Start of Material provided

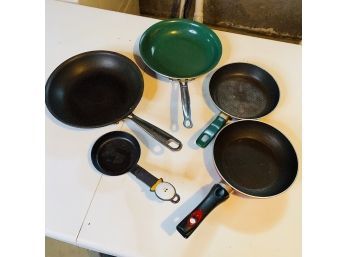 Assorted Frying Pan Lot (Basement Shelf)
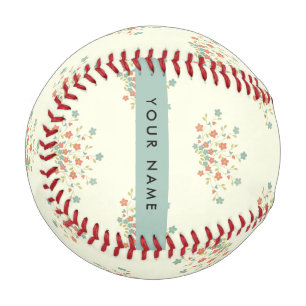 Blue and Red Flowers, Blue, Your Name Baseball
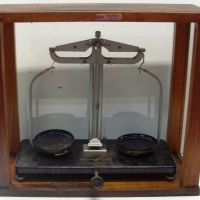 Cased scales by Griffin and Sons, London - Beam balance scale for chemical - Pharmacy - Sold for $104 - 2013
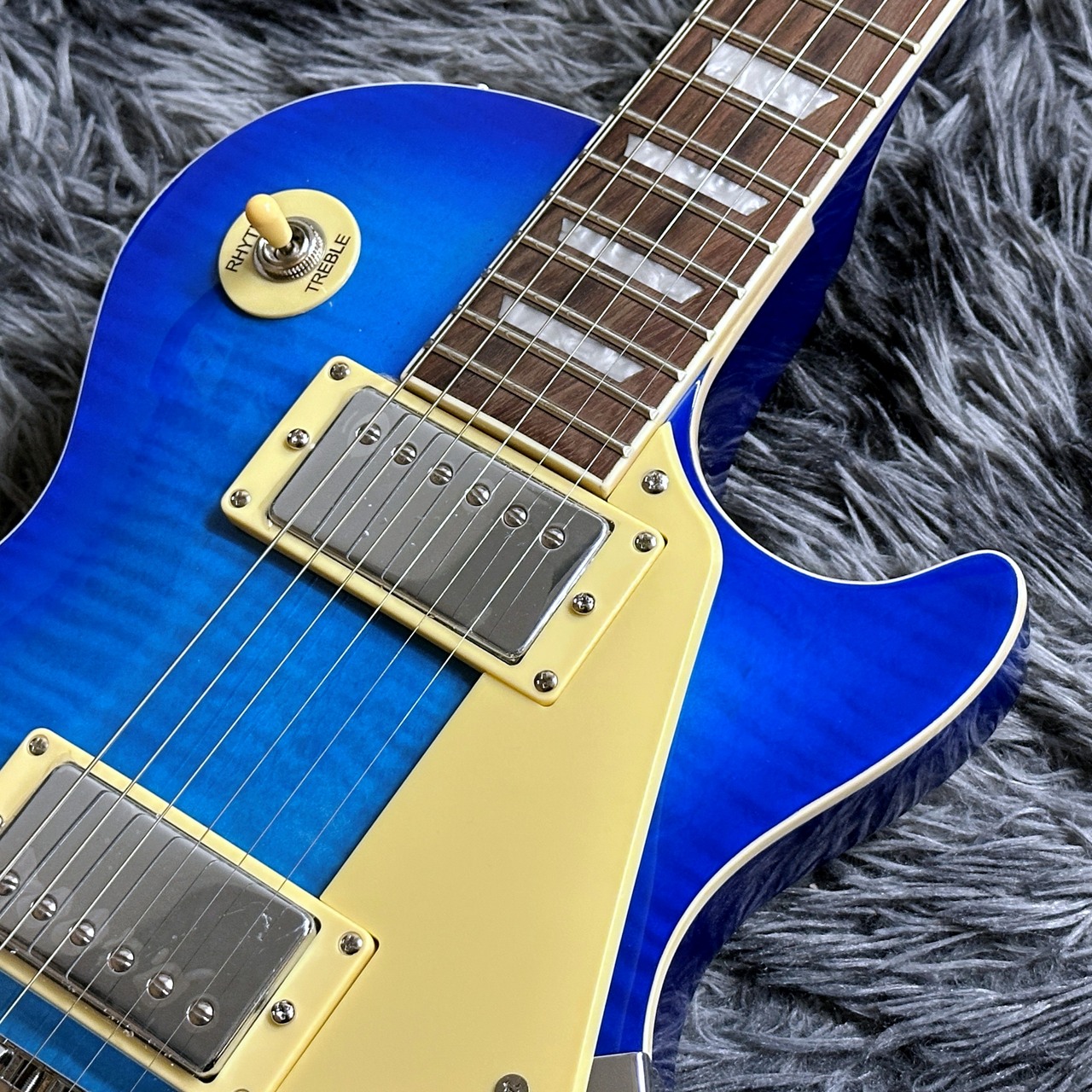 BLITZ by ARIA BLP-450 SBL (See-through Blue)【レスポール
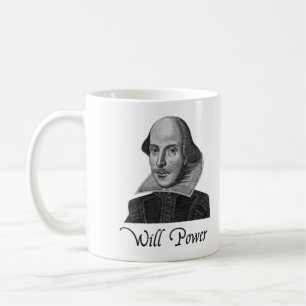Taza De Café Fuerza de voluntad de William Shakespeare
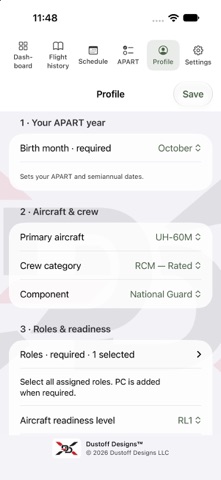App screenshot
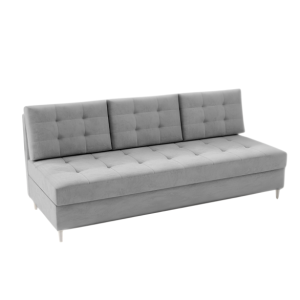 Sofa Rozkładana Trzyosobowa z Pojemnikiem PERO Szara z Funkcją Spania 777283 Sofa Rozkładana Trzyosobowa z Pojemnikiem PERO Szara z Funkcją Spania 777283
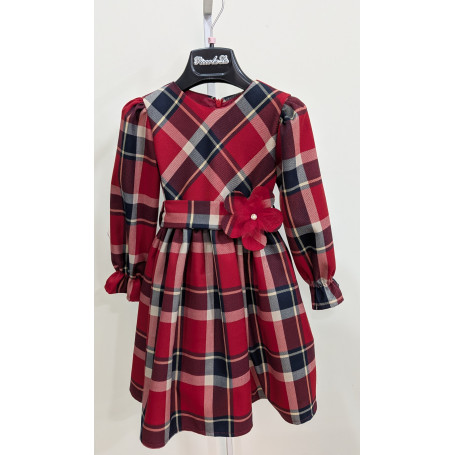 VESTITINO SCOZZESE BIMBA 3/7A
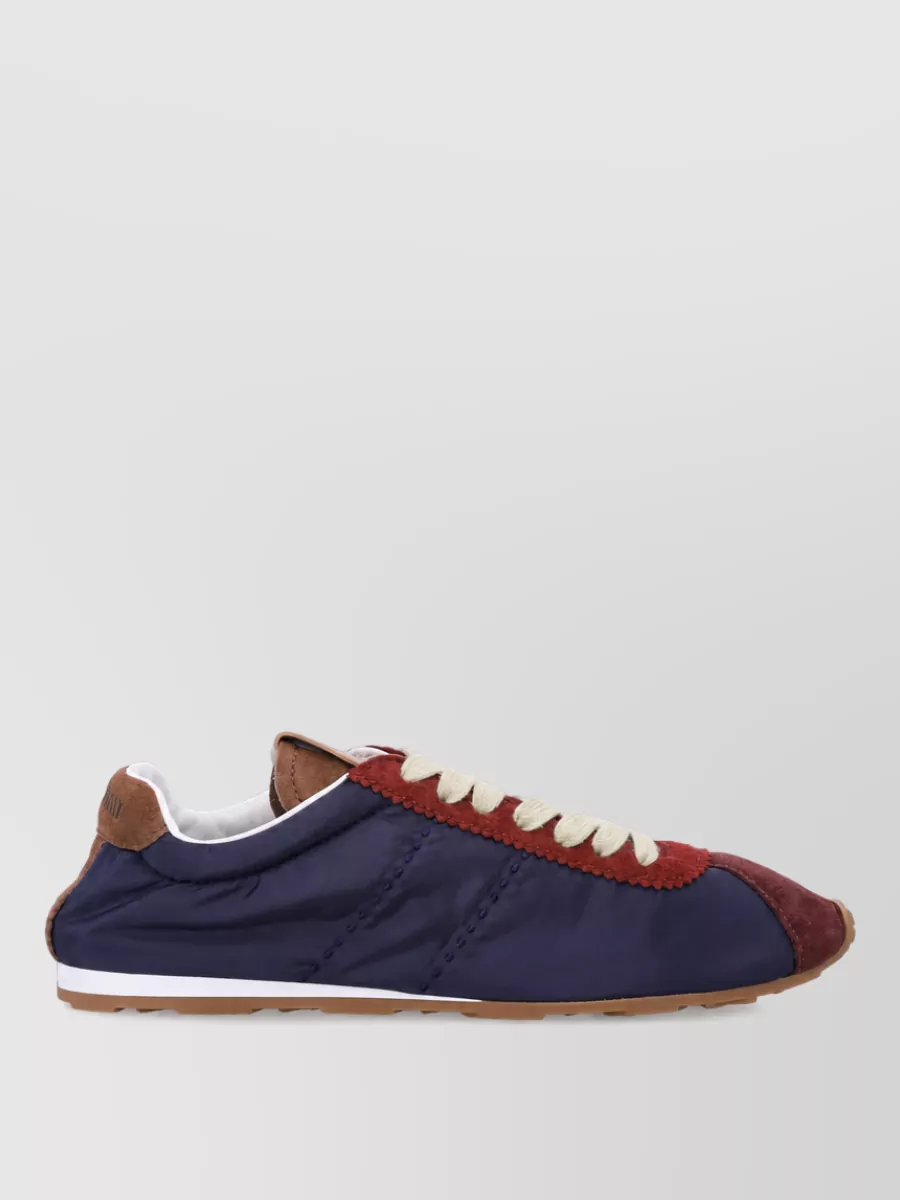 Miu Miu Technical Fabric Lace-Up Sneakers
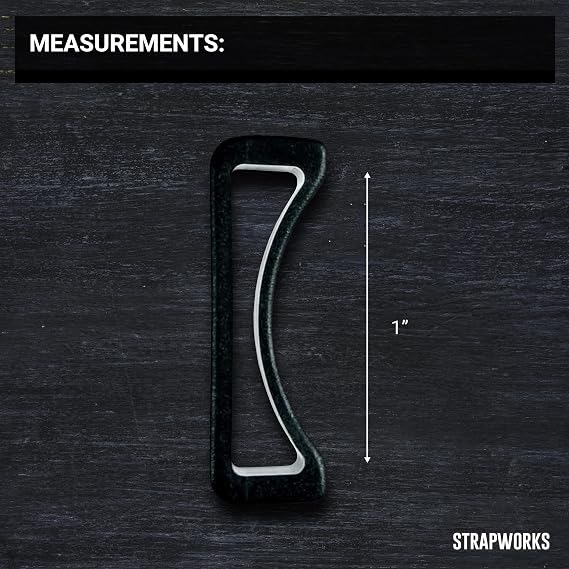 Strapworks 1 حبر حزام بلاستيكي - حافظة مشبك سوداء تمسك بأمان قطع متعددة من حزام - 10 عبوات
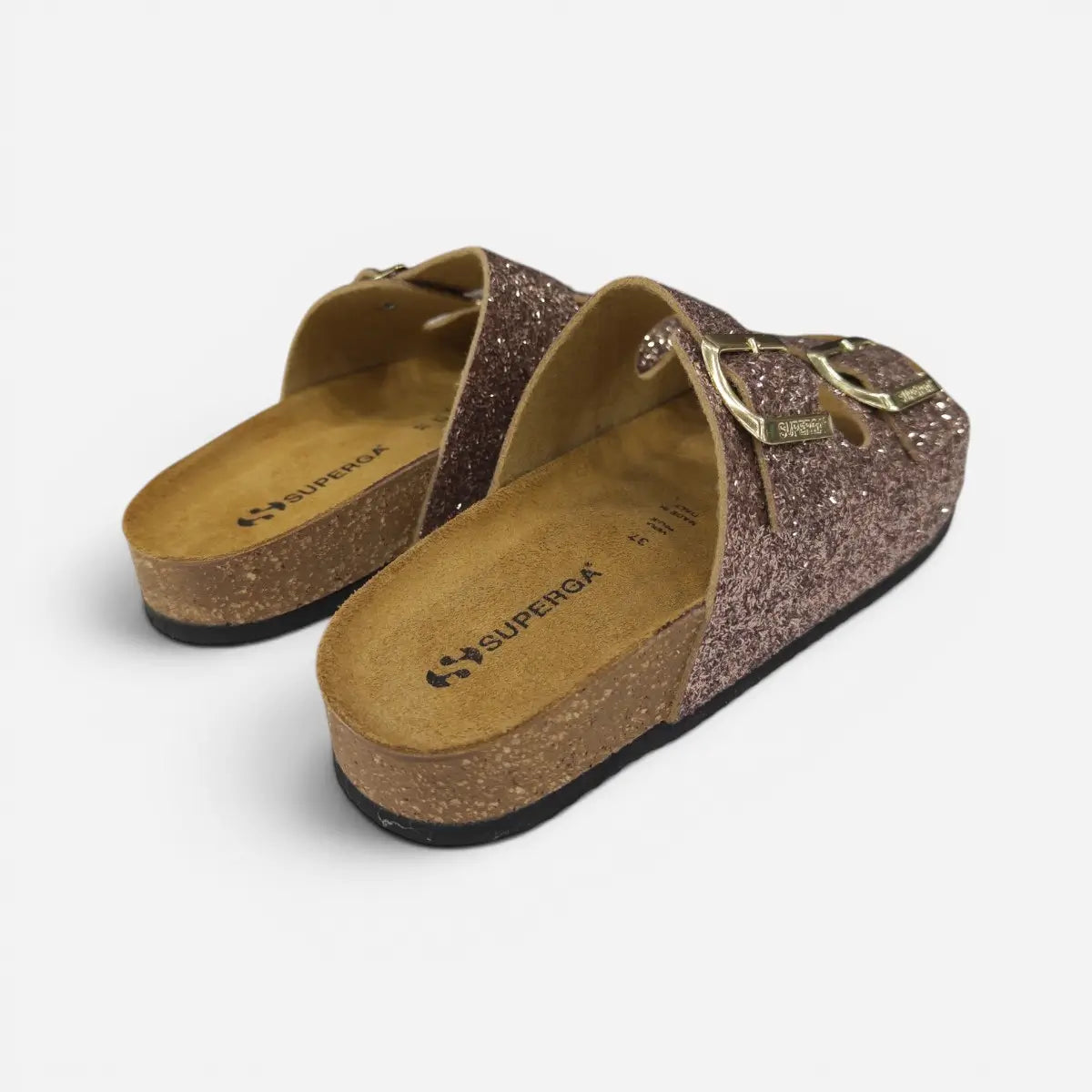 Superga Sandalo donna doppia fibbia Diamond Rame S31Y818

End of Material provided

Your instructions :: Write out, exactly and only, the lines from the one containing "Spania 777283 Sofa" through the last line of the material above. Pictures do not go in the copy.

Your response ::
 Sofa Rozkładana Trzyosobowa z Pojemnikiem PERO Szara z Funkcją Spania 777283 Sofa Rozkładana Trzyosobowa z Pojemnikiem PERO Szara z Funkcją Spania 777283
 VESTITINO SCOZZESE BIMBA 3/7A
 Miu Miu Technical Fabric Lace-Up Sneakers
 Strapworks 1 حبر حزام بلاستيكي - حافظة مشبك سوداء تمسك بأمان قطع متعددة من حزام - 10 عبوات
 Superga Sandalo donna doppia fibbia Diamond Rame S31Y818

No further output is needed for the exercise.